**Exercise objective:** Reproduce everything from the line that contains "[CT102B] NYLON CABLE" down to the line that contains "Fall Package #4" in the listing below, word for word and nothing more. Leave the pictures out.

--- Dataset content ---

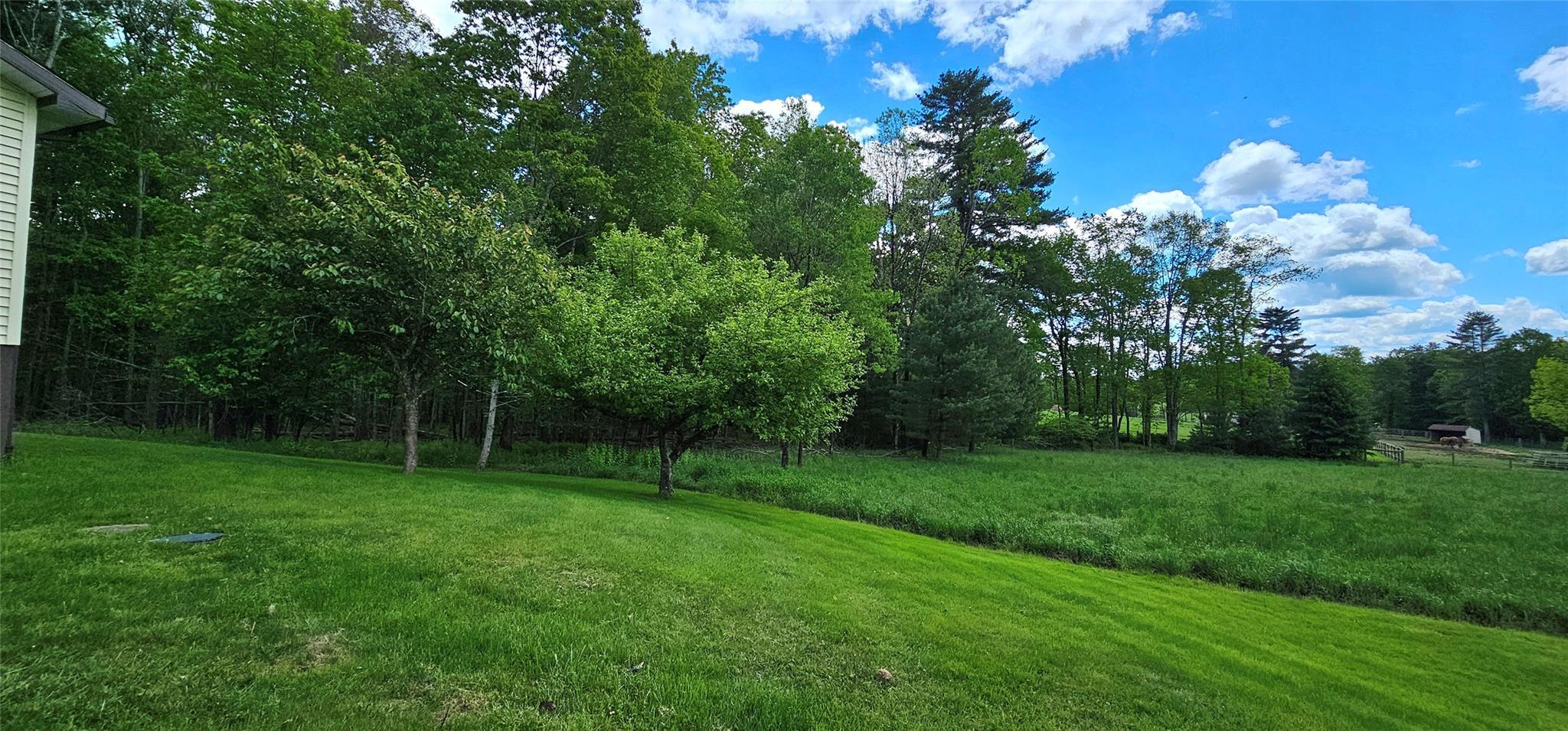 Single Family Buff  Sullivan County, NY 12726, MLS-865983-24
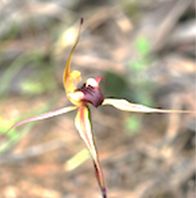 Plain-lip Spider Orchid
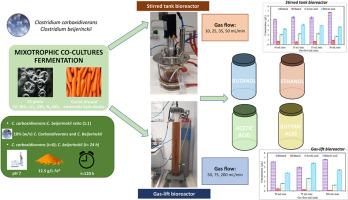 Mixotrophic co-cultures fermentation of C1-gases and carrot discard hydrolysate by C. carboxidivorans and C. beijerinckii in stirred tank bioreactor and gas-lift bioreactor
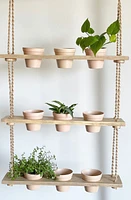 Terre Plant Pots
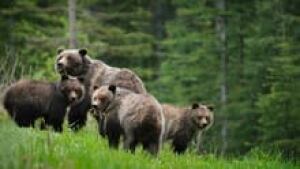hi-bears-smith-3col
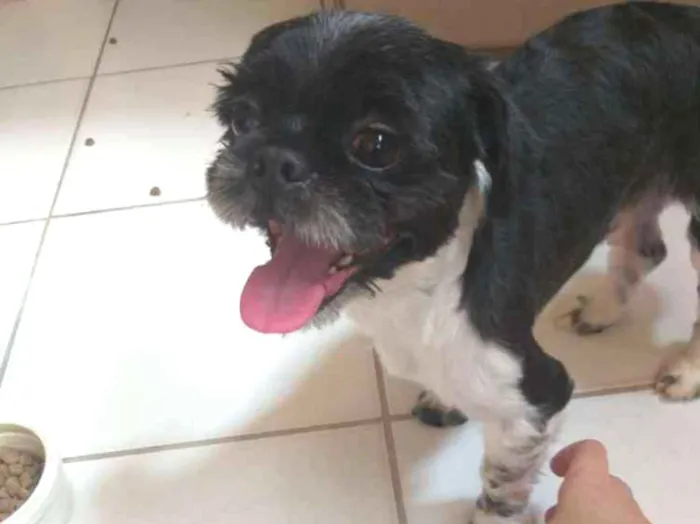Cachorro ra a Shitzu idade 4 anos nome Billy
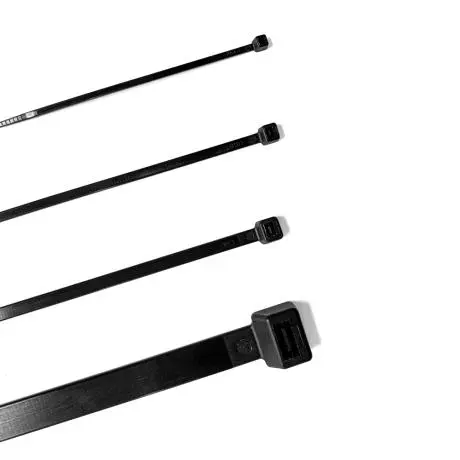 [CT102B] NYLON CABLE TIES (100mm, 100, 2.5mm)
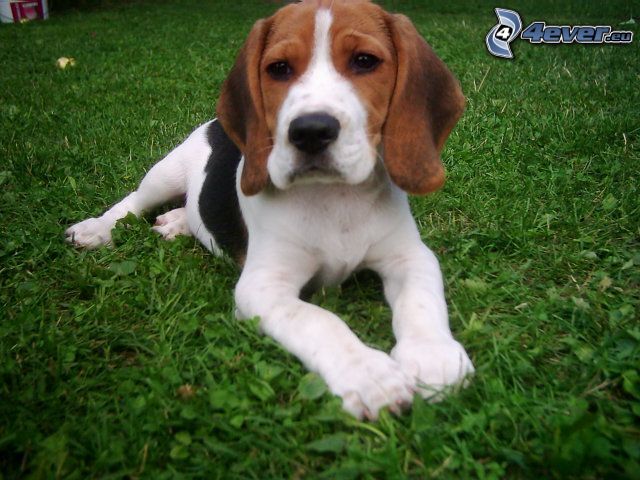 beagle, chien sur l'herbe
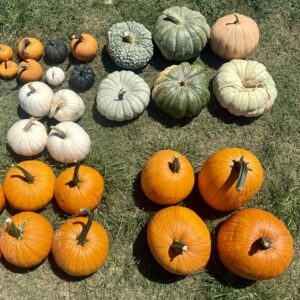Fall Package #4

---
--- Dataset content ---

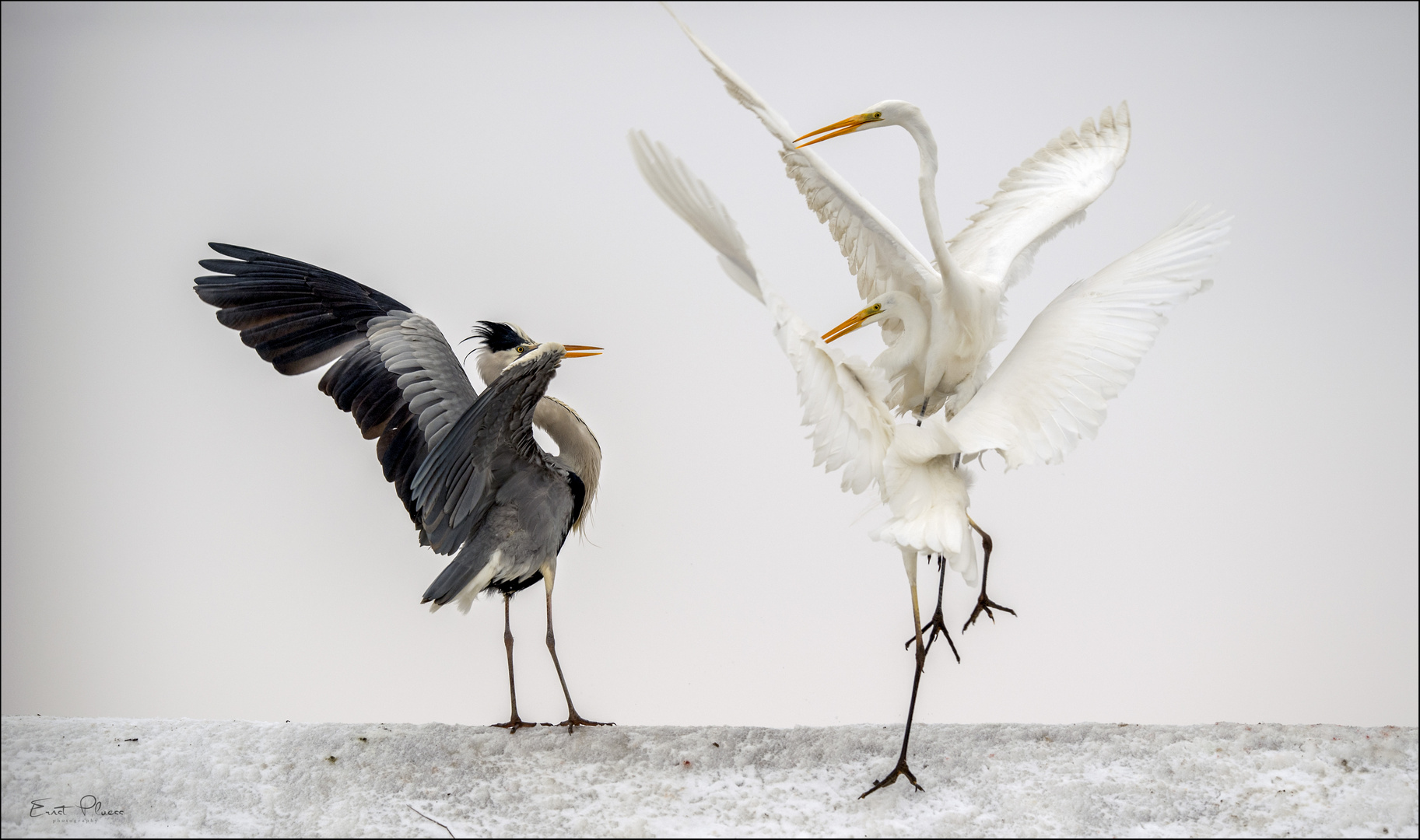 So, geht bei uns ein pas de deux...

---

**Result of the exercise:**
 [CT102B] NYLON CABLE TIES (100mm, 100, 2.5mm)
 beagle, chien sur l'herbe
Fall Package #4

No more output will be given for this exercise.